So the plan was for us to take the Triumph Sprint GT for a two-up trip to the Alps with a couple of our friends this summer. But for various work-related reasons, that all fell through which just left Alison and me going alone. I found a lovely-looking hotel in Gstaad that looked the part, booked it and asked them to reserve a place for the bike in their garage.

And then Alison said, “Why don’t we take the MX-5? We could then even chat whilst we’re driving!” And so we changed plans and booked a Eurotunnel fare that was “Flexiplus” coming back for the MX-5. We’d have packed the Sprint’s top box and panniers relatively lightly, but the MX-5’s boot space gave us a little more space to play with; this is our luggage for a week away, comprising two holdalls, one wheeled bag and two running rucksacks with our running gear in:

Gstaad Luggage

Gstaad Luggage

London to Gstaad is quite a schlep so I found somewhere near Dijon to stay on the way down and the way back and booked those too and on the appointed day off we went with the roof up as it was an ‘oh-dark-hundred’ start.  Once we got to Folkestone, the roof came down and for the rest of the day’s drive it stayed down until we got to Gevrey-Chambertain and the Hotel Arts et Terroirs.  The hotel was quaint and comfortable but didn’t serve Dinner on a Sunday, so we walked into the town centre for a lovely meal at Chez Guy.

Monday morning after a lovely breakfast, we packed and set off towards Gstaad, making full use of the Sanef Tolling “Liber-t” tag we’d ordered in the UK and which allowed us to approach some péage toll booths at up to 30kph (the rest having to slow right down) and just drive through with no need to collect tickets or fumble for cards or cash.  Use this link to receive €5 off yours!

On arrival at the Hotel Gstaaderhof we drove into their underground car park and made our way to our lovely room with a hell of a view!

Hotel Gstaaderhof Balcony View

Hotel Gstaaderhof Balcony View

Tuesday saw us heading up the other side of the valley for a BBQ lunch laid on for us by the hotel which was a lovely gesture, followed by a rest day wandering around Gstaad. The plan was to go for a run in the late afternoon – I’d plotted out a couple of routes before we left – but a thunderstorm put paid to that.

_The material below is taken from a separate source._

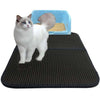 CATGUARD MAT – Antislip kattenbakmat met waterdichte bescherming voor een schoon huis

Wednesday’s afternoon weather forecast was looking a little dodgy so after breakfast we borrowed a couple of mountain bikes from the hotel – at no charge! – and headed off for a shortish 20km ride:

Great fun!

Thursday was to be our drive up into the Alps with a plan to drive for a couple of hours to Innertkirchen and then start a figure of eight drive through the Five Passes. We hadn’t really left enough time for this and by the time we’d been stuck in some roadworks leading towards one of them, we decided that time wasn’t on our side, so we made do with just the Susken Pass, Furka Pass and Grimsel Pass.  Great fun, although the smell from the MX-5’s brakes showed we’d been pushing it quite hard…

Wave!

Wave!

Beautiful!

Beautiful!

Twisties

Twisties

Friday was another rest day. Well … if you count riding 42½km on mountain bikes as rest! But the day started with an invitation up to the top of the Höhi Wispile for breakfast cooked by our hotel’s owners. Fabulous views and a lovely breakfast.

Cheese!

Cheese!

Berghaus Wispile

Berghaus Wispile

After breakfast, we walked back to the hotel, changed and then hired mountain bikes from the hotel. We ended up doing some laps of Gstaad and out towards Saanen, stopping on each lap for a drink and a rest at one of the town’s restaurants. Sadly my Garmin fenix 3 has a habit of resetting itself when it’s paused for longer than 25 minutes (originally 5 minutes) and that’s just about as long as it takes to lock up a bike, find a table, order and drink a coke, a water and an espresso and then get the bill. So this ride got logged as four separate rides:

Saturday and we headed away from Gstaad. We’d decided to change our plans and rather than returning via Gevrey-Chambertain as originally booked, we’d earlier cancelled the booking and instead decided to go home via Strasbourg and the rather nice Château de l’Ile & Spa which had a pool. Very useful as temperatures had hit 33°C on the autobahns in Germany (where the MX-5 had hit 125mph and rising (with the roof down) before traffic built up and slowed us down).

 

First Beer of the Day

First Beer of the Day

After breakfast on the Sunday, we headed off for Calais and the Eurotunnel, still with the roof down. We almost managed a full continental trip with the roof down until an hour or so off our destination there was a torrential downpour. In the MX-5 we can keep above 80mph in rain and only get flicked with drops off the side window, but this rain was so heavy we couldn’t see far enough ahead to keep speed up and once we’d backed off sufficiently to be safe, we were getting very wet! Still, after half an hour or so, the sky lightened up and we dropped the roof for our return into Calais.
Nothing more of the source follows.